Image-text web data:
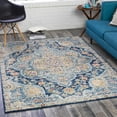 thumbnail image 2 of BoutiqueRugs Mallacoota Oriental Medallion Area Rug - Farmhouse Traditional Floral Carpet for Living Room - Navy, Sky Blue, Dark Pink - 5'3" x 7'7" (5x7), 2 of 9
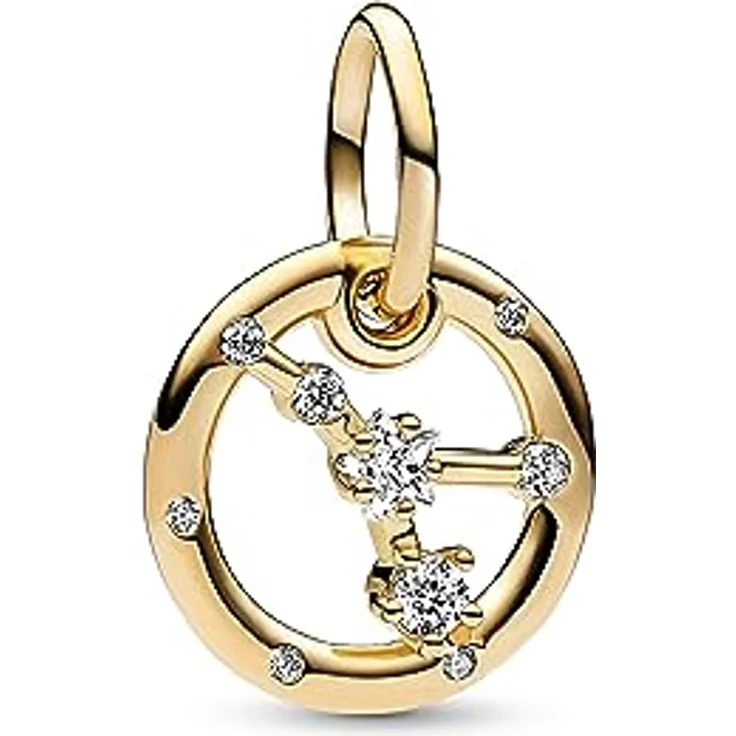 PANDORA Moments Sternzeichen Krebs Charm-Anhänger, Sterling Silber mit 14 Karat vergoldeter Metalllegierung und Zirkonia, kompatibel mit Moments Armbändern, 762708C01 – Bild 1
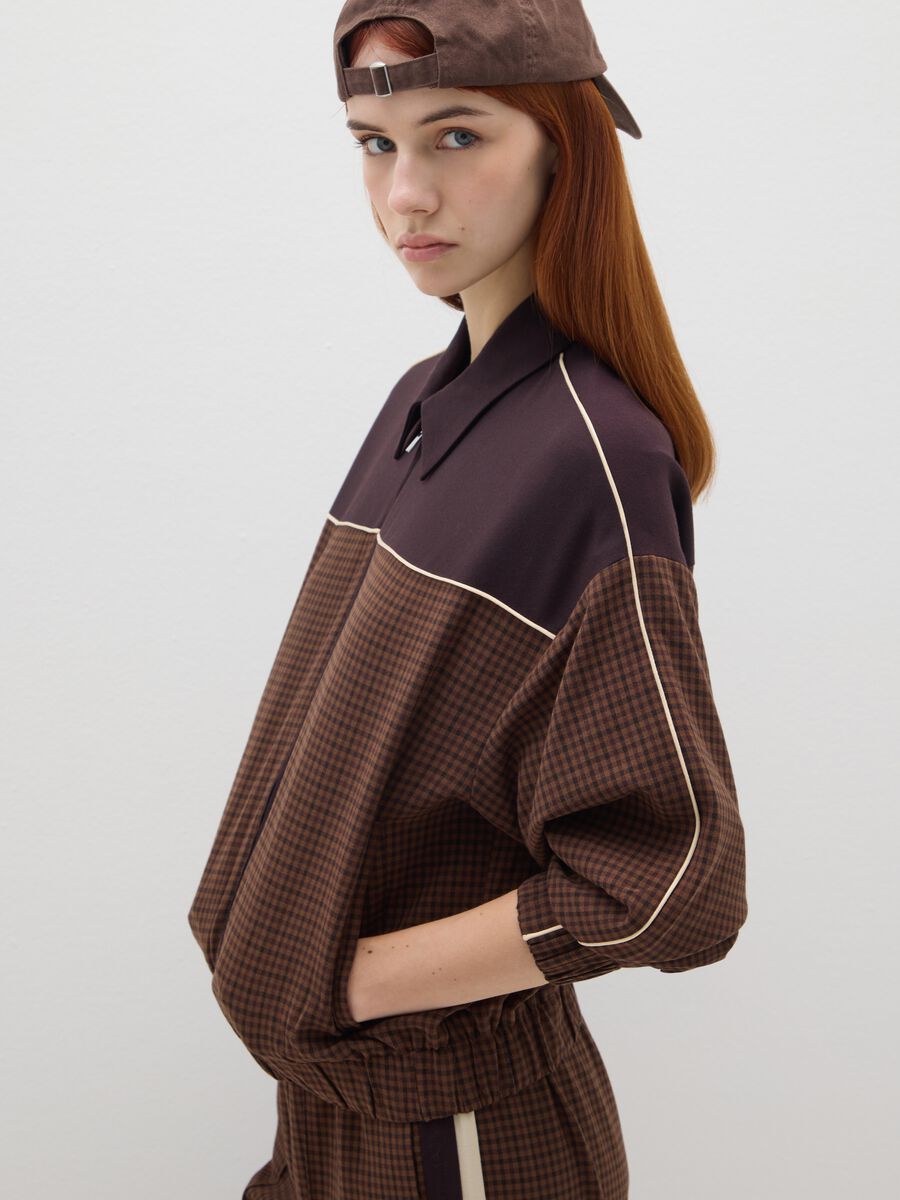 Giacca a quadri marrone con zip_2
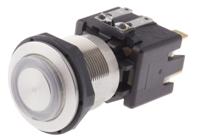 124168241121000 Schurter MSM LA 19 Series Illuminated Push Button Switch, Latching, Panel Mount, 19mm Cutout, DPDT, Red LED, 125/250V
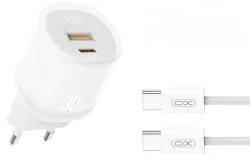 Caricabatterie da Rete con Cavo USB-C XO Design L151, 30W, 3A, 1 x USB-A - 1 x USB-C, Bianco
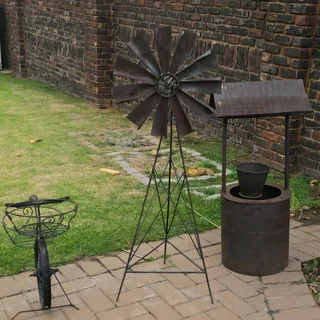 Windmill, wishing well, and bike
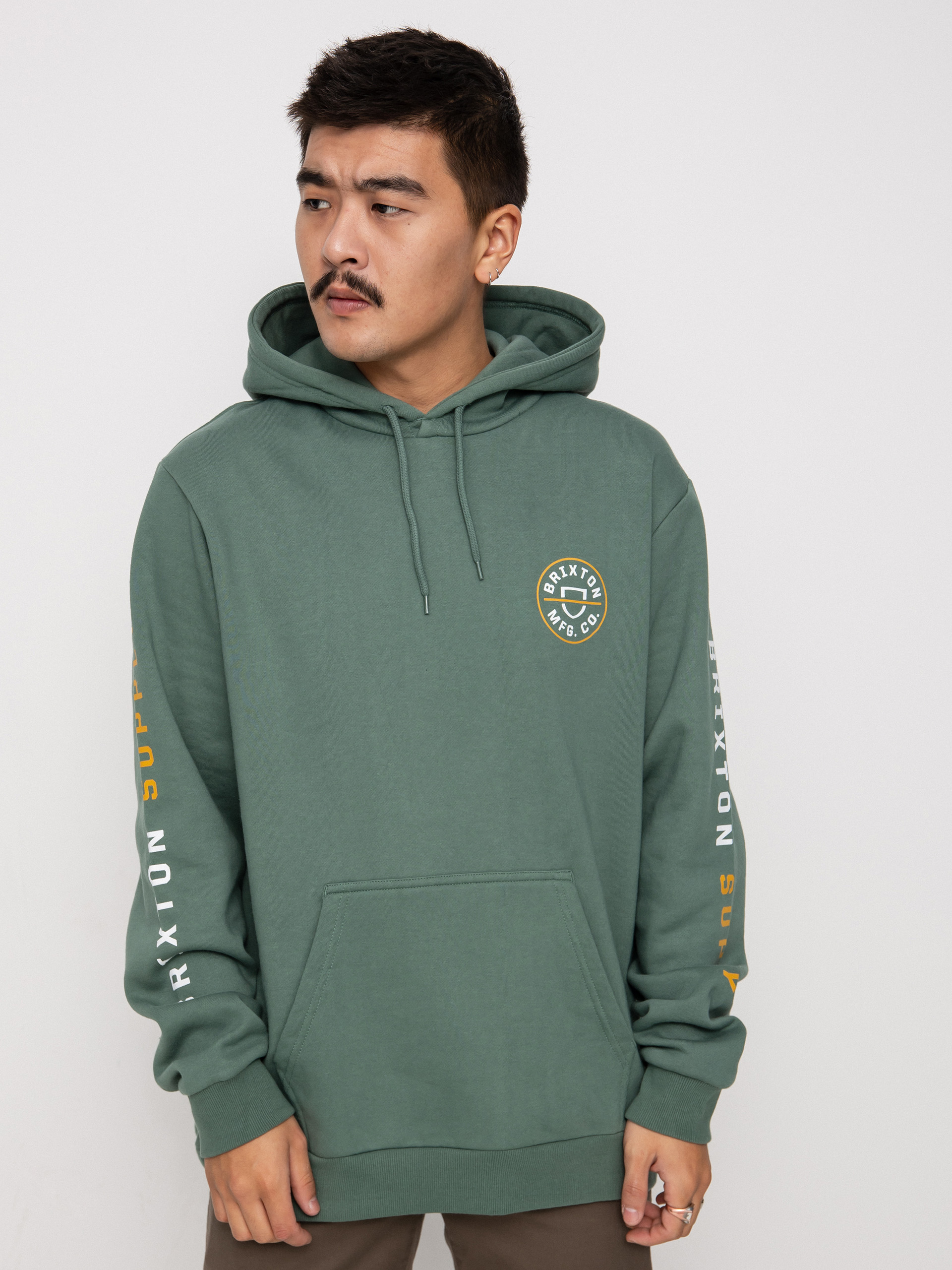 Bluza z kapturem Brixton Crest HD (deep forest/bright gold/white)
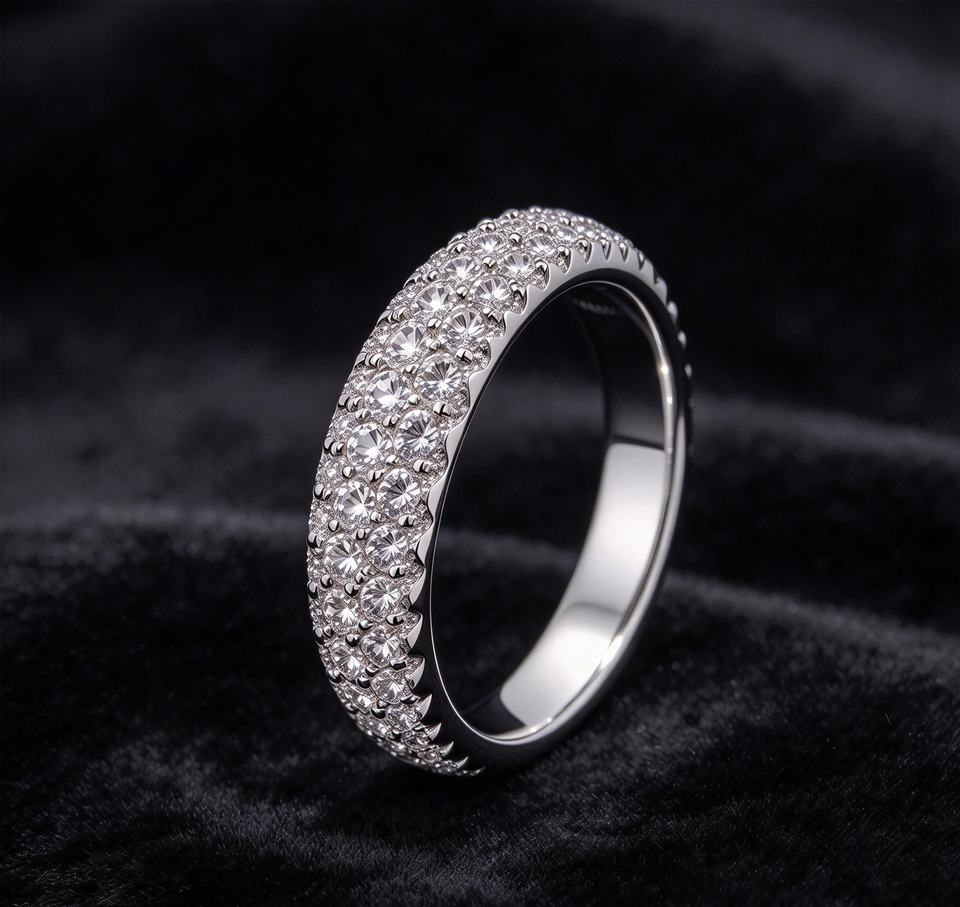 Key Rings Dimonds Custom Wide Version Luxury Round Brilliant Cut Lab Grown Diamond IGI ...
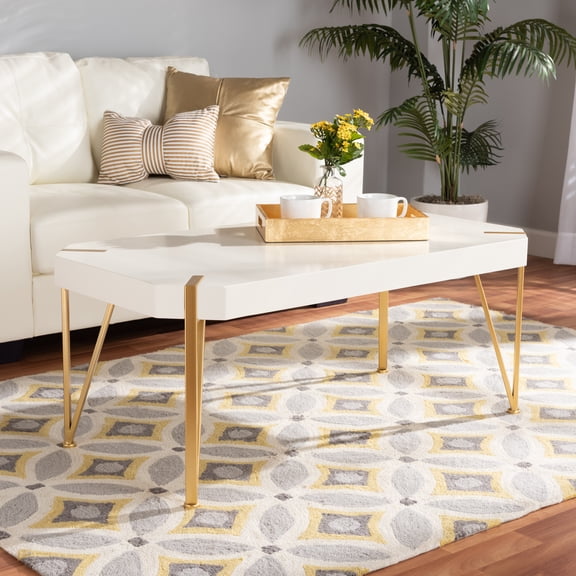 Baxton Studio Kassa Contemporary MDF Coffee Table, White/Gold
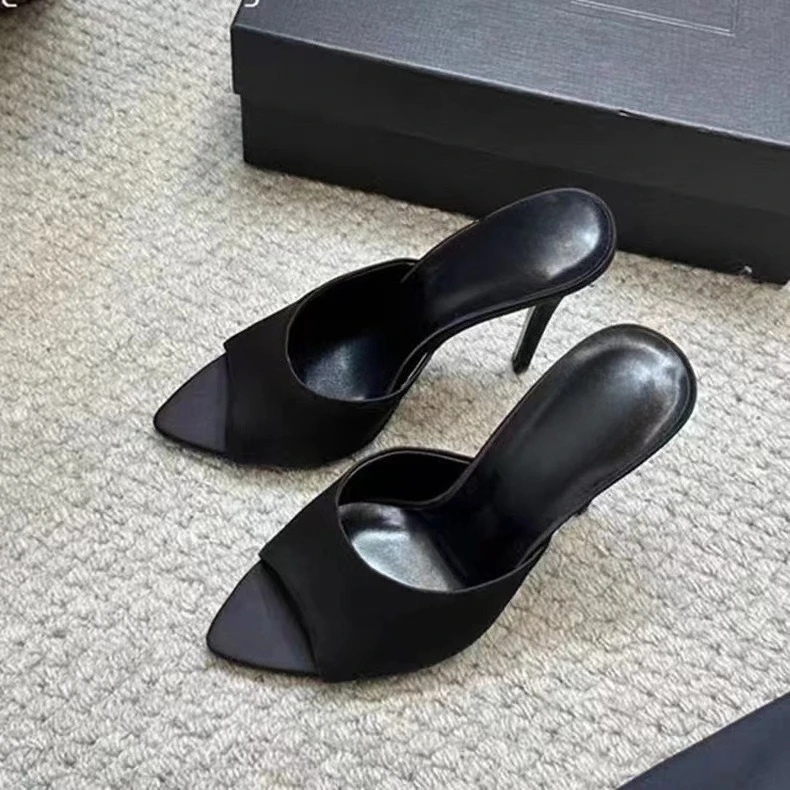 New spring and summer open toed pointed leopard print straight drag women's sexy slim heeled high heels for wearing sandals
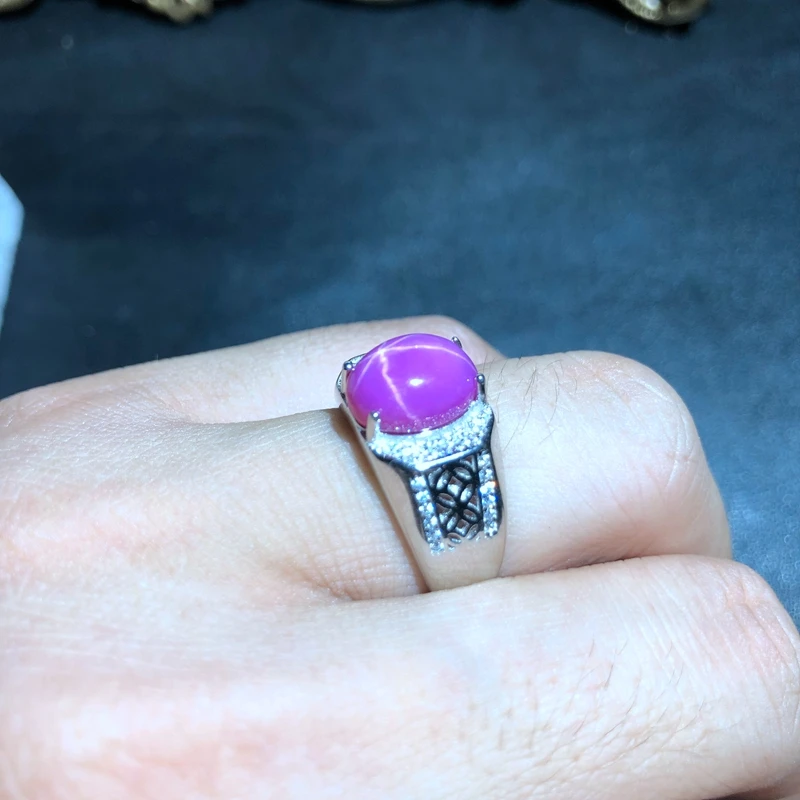 beautiful  pink natural Star Ruby gemstone ring for man 925 sterling silver fine jewelry  boy girl ring powerful birthday gift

## WORK TO BE COMPLETED
Transcribe each entry above without alteration, but keep the pictures out.

## RESULT OF THE EXERCISE
 thumbnail image 2 of BoutiqueRugs Mallacoota Oriental Medallion Area Rug - Farmhouse Traditional Floral Carpet for Living Room - Navy, Sky Blue, Dark Pink - 5'3" x 7'7" (5x7), 2 of 9
 PANDORA Moments Sternzeichen Krebs Charm-Anhänger, Sterling Silber mit 14 Karat vergoldeter Metalllegierung und Zirkonia, kompatibel mit Moments Armbändern, 762708C01 – Bild 1
 Giacca a quadri marrone con zip_2
 124168241121000 Schurter MSM LA 19 Series Illuminated Push Button Switch, Latching, Panel Mount, 19mm Cutout, DPDT, Red LED, 125/250V
 Caricabatterie da Rete con Cavo USB-C XO Design L151, 30W, 3A, 1 x USB-A - 1 x USB-C, Bianco
 Windmill, wishing well, and bike
 Bluza z kapturem Brixton Crest HD (deep forest/bright gold/white)
 Key Rings Dimonds Custom Wide Version Luxury Round Brilliant Cut Lab Grown Diamond IGI ...
 Baxton Studio Kassa Contemporary MDF Coffee Table, White/Gold
 New spring and summer open toed pointed leopard print straight drag women's sexy slim heeled high heels for wearing sandals
 beautiful  pink natural Star Ruby gemstone ring for man 925 sterling silver fine jewelry  boy girl ring powerful birthday gift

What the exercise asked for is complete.